Thread: Breaking up a query

Breaking up a query

From
Saad Anis
Date:
Hi Guys,

A fellow at work has written the SQL below to retrieve some data from
multiple tables. Obviously it is inefficient and unnecessarily complex, and
I am trying to break it into 2 or more queries so as to enhance performance.

Can you please help me do so? I would appreciate any help you can provide.

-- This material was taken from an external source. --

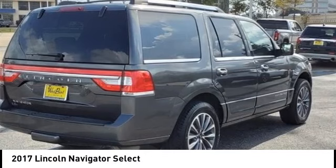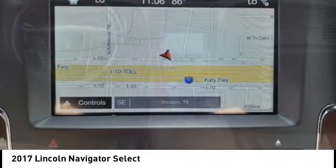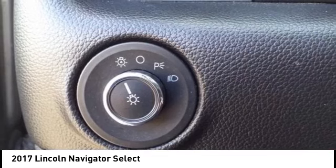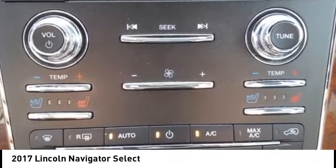Looking for the right vehicle? Check out the 2017 Lincoln Navigator. The Lincoln Navigator offers over 100 cubic feet of cargo space, three rows of seating for up to eight passengers, and best-in-class legroom. This luxury SUV is powerfully persuasive.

I have also attached the output of the "explain analyze" of this query.

Thank you.
Saad

SELECT    v.xcvr_id as xcvr_id
    , v.bumper_number as bumper_number
    , v.vehicle_type as vehicle_type
    , p.epoch as epoch
    , p.latitude as latitude
    , p.longitude as longitude
    , p.fom as fom
    , i.version as version
    , i.rfid_status as rfid_status
    , t.tag_id as tag_id
    , t.tag_status as tag_status
FROM    positions p
    LEFT OUTER JOIN data_transfers dt
        ON p.id = dt.position_id
    INNER JOIN vehicles v
        ON p.vehicle_id = v.id
    LEFT OUTER JOIN interrogations i
        ON p.id = i.position_id
        AND v.id = i.vehicle_id
    LEFT OUTER JOIN tags t
        ON i.id = t.interrogation_id
WHERE    p.id NOT IN (
        SELECT dt.position_id
        FROM data_transfers
        WHERE dt.target_id = ?
    )
ORDER BY v.xcvr_id
    , v.bumper_number
    , v.vehicle_type
    , i.version
    , i.rfid_status
    , p.epoch;



Attachment

Re: Breaking up a query

From
"Aaron Bono"
Date:
On 8/10/06, Saad Anis <saad.anis@comtechmobile.com> wrote:
Hi Guys,

A fellow at work has written the SQL below to retrieve some data from
multiple tables. Obviously it is inefficient and unnecessarily complex, and
I am trying to break it into 2 or more queries so as to enhance performance.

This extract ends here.